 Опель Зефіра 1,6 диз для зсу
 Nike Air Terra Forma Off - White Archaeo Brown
━━━━━━━━━━━━━━━━━━━━
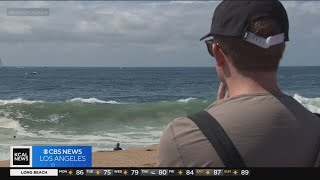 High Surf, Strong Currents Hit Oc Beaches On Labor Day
━━━━━━━━━━━━━━━━━━━━
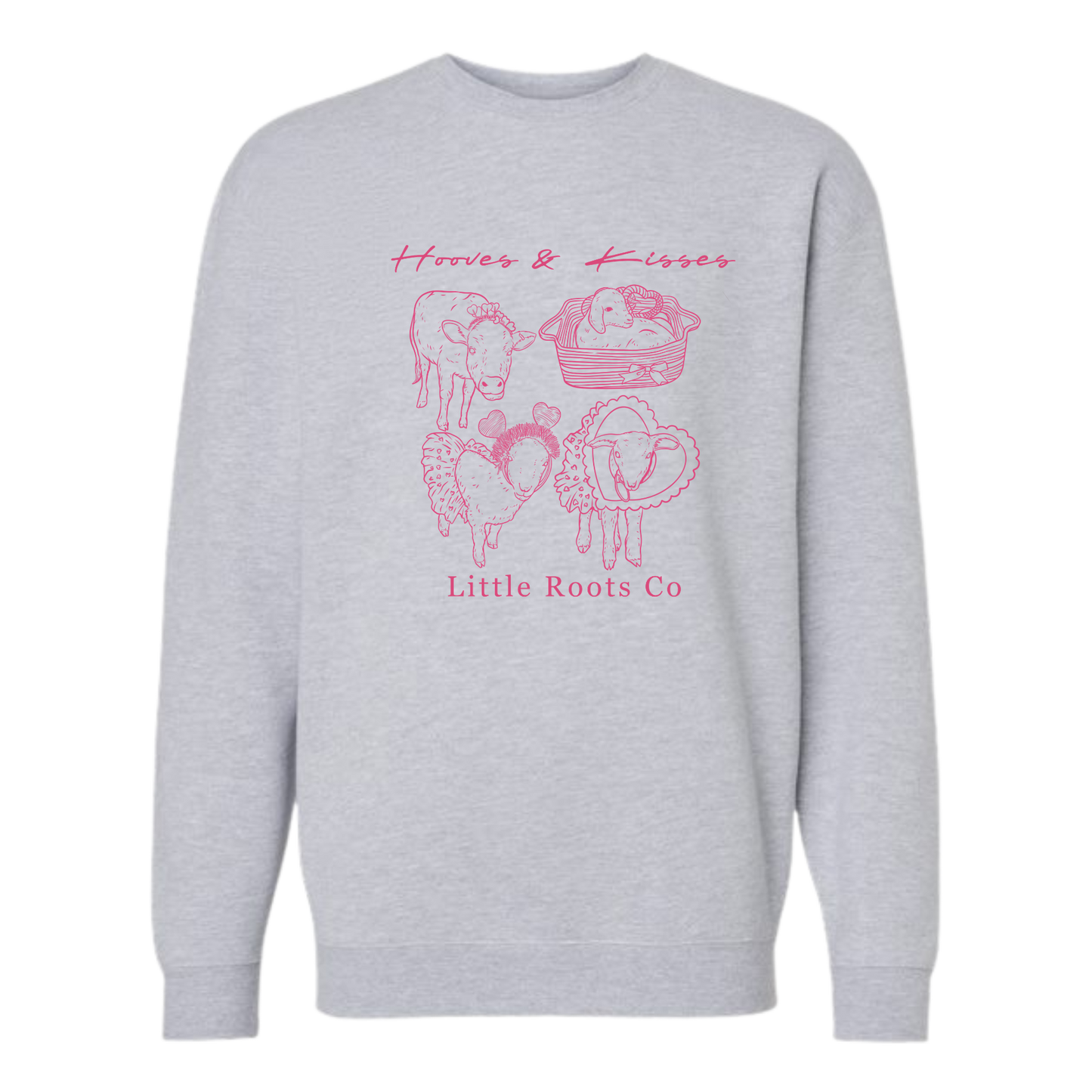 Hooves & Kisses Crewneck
━━━━━━━━━━━━━━━━━━━━
= INSTRUCTIONS FOR THE TASK =
Reproduce only the lines above spanning from the line containing "Опель Зефіра 1,6 диз для зсу" through the line containing "Nike Air Terra", word for word.

= ANSWER =
 Опель Зефіра 1,6 диз для зсу
 Nike Air Terra Forma Off - White Archaeo Brown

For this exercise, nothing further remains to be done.